In the entries below, copy only the lines from the one that contains "Image showing smiling" through the last line, exactly, and omit any pictures.

• _Records_
Segment Open

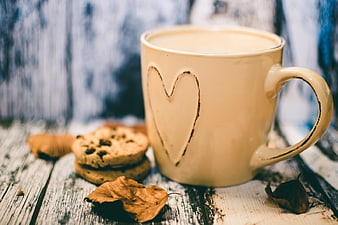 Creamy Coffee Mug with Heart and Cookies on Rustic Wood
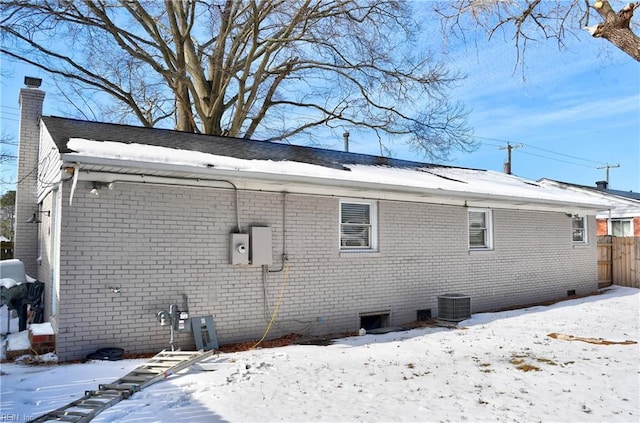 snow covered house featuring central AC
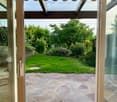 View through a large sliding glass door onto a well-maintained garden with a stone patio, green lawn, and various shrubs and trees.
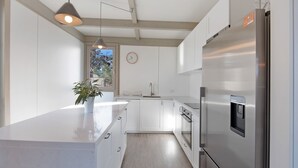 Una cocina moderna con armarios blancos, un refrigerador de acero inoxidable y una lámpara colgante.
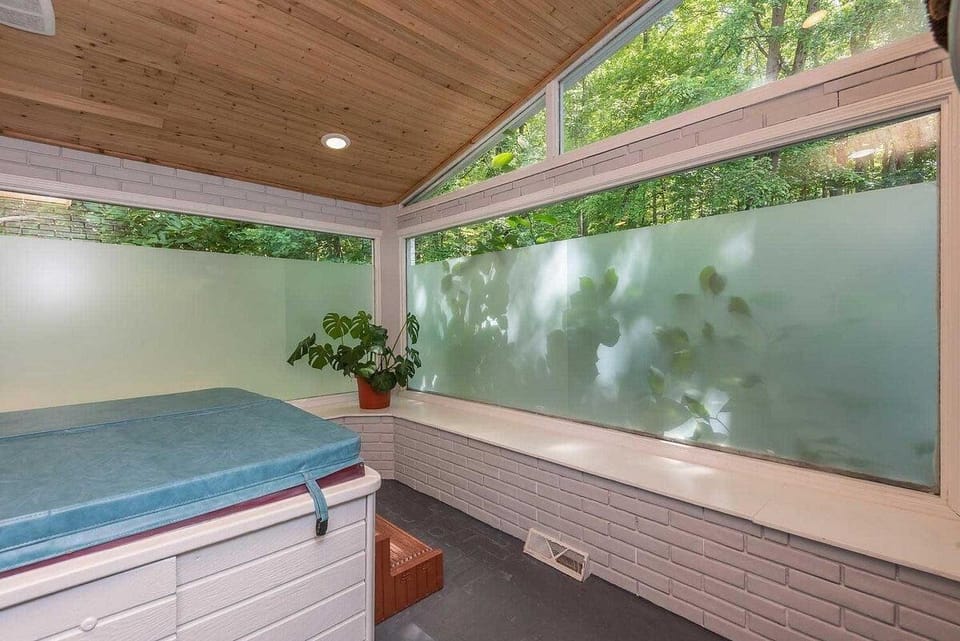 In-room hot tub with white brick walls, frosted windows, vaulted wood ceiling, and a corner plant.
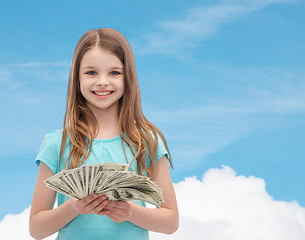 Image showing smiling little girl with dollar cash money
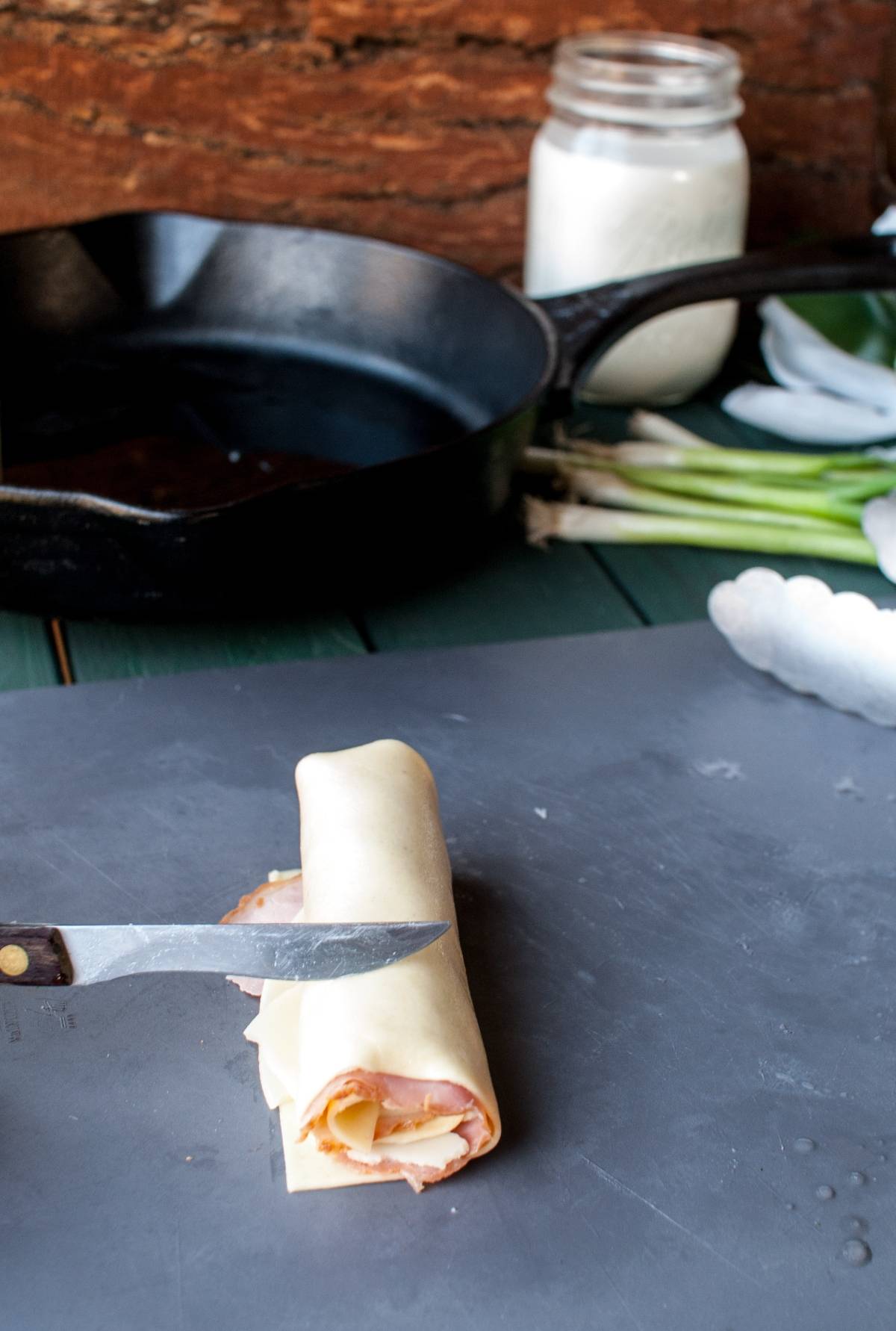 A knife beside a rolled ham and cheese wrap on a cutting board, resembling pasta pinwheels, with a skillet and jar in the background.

Segment Closed

• _Result of this task_
 Image showing smiling little girl with dollar cash money
 A knife beside a rolled ham and cheese wrap on a cutting board, resembling pasta pinwheels, with a skillet and jar in the background.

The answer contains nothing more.